A new research concludes that the UK's services sector has contracted for the first time in eight years, painting a “particularly gloomy outlook” for the country. An index of services output slumped to 94.7 in July from 96.9 the previous month, with anything below 95 indicating the sector is contracting. This is the first time services, including retail, banks, hotels, and media companies, among others, have registered a decline since February 2010, said professional services firm BDO, which commissioned the research. It found that manufacturing, which makes up around one-tenth of the economy, continued to fare better than services in July, recording 100.1 on the index, though this was down slightly from 100.8 in June.

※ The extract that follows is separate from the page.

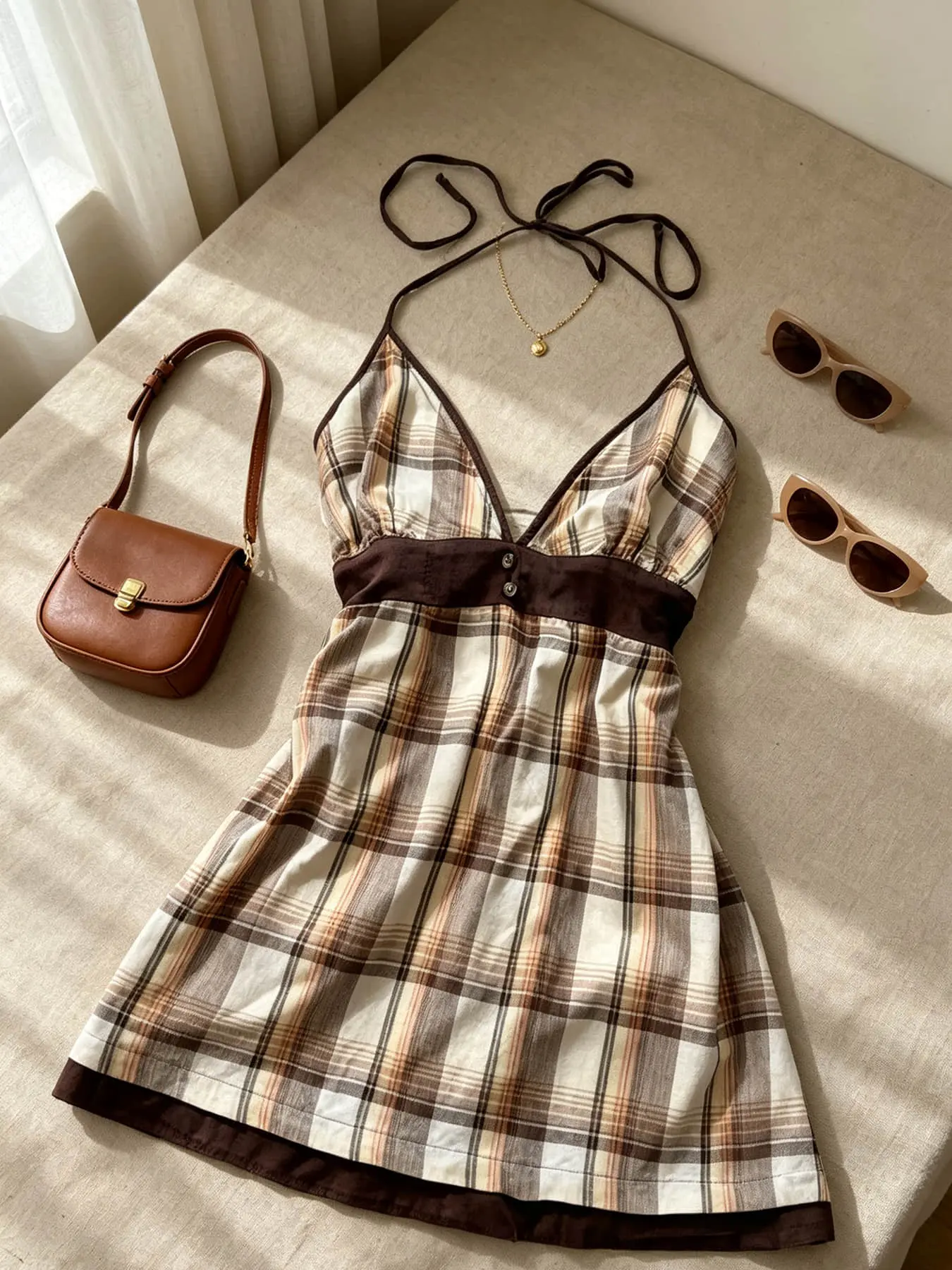 A women's fashionable coffee brown retro plaid hanging neck suspender short skirt with a deep V-neck tie design A-line dress, suitable for commuting indoor and outdoor wear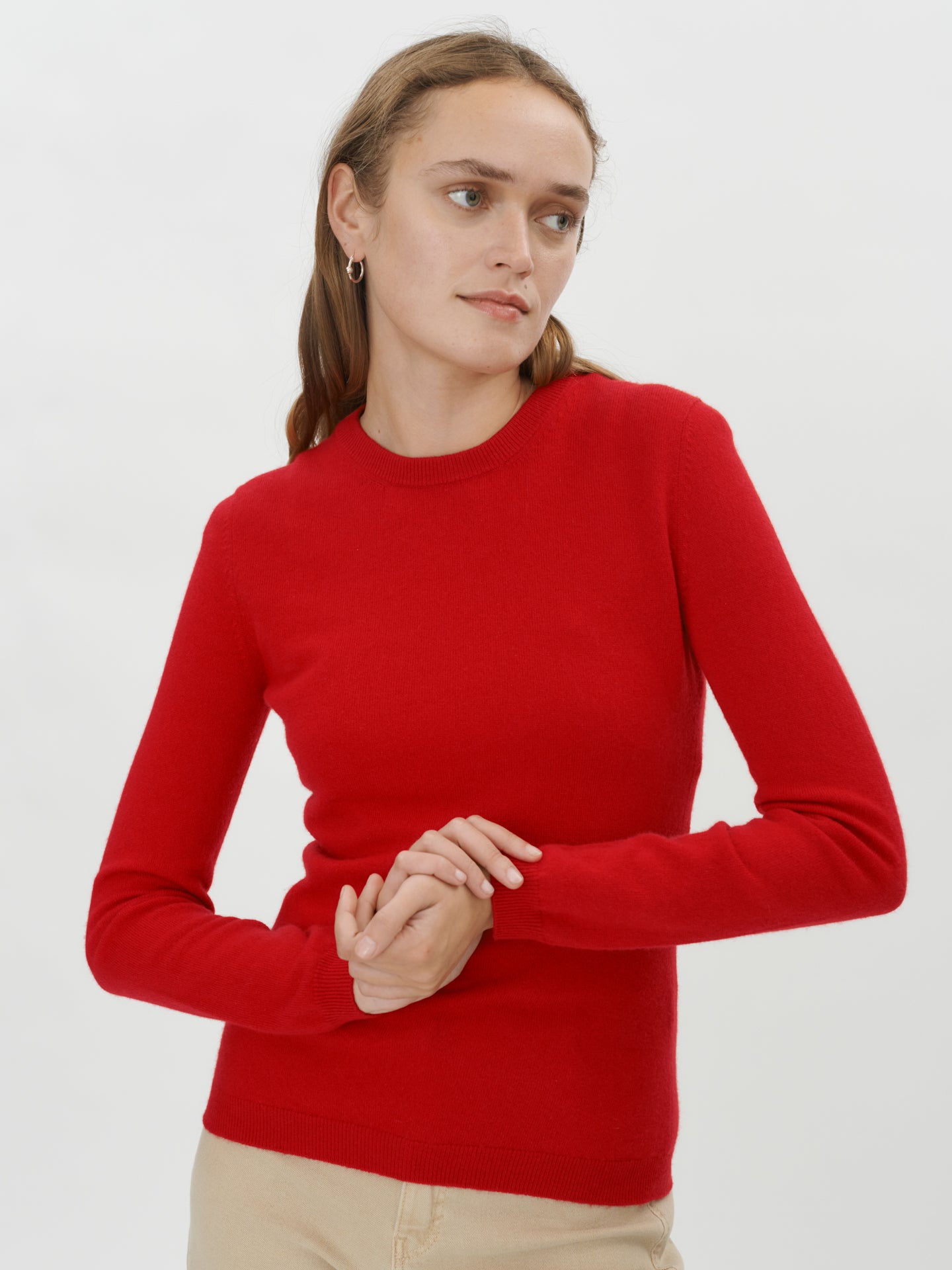 Women's Basic Crew Neck Sweater Red - Gobi Cashmere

The data, compiled by the Centre for Economic and Business Research, aggregated the results of a number of closely-watched business surveys. It suggests that UK business output is at its lowest point in six years and is edging towards the point of contraction. Output in services and manufacturing combined fell to 95.34 in July from 97.29 in June and from 100.96 12 months ago. The findings come after the Bank of England chose to raise interest rates this week by a quarter of a point to 0.75 per cent and Brexit negotiations show no signs of moving closer to a resolution.
International Trade Secretary, Liam Fox said the UK was now odd-on to crash out of the EU without a trade deal in March. He said the likelihood of a hard Brexit in which the UK is forced to deal with the EU and other nations under World Trade Organisation terms was now “60-40”. Bank of England governor Mark Carney said the risk of no deal was now “uncomfortably high”. Peter Hemington, a BDO partner said the prospect of no deal was dragging productivity by discouraging firms to invest in the UK. He said, “The Bank of England's decision to raise interest rates was designed to reduce inflation but has been carried out during a period of immense fragility for British business. I would urge the Monetary Policy Committee to act with caution when it comes to the possibility of any further rate rises. The government must also recognise the pressing need to protect Britain’s 26 million services sector workers as Brexit negotiations take place, particularly considering the UK has the highest share of services exports of any leading economy.”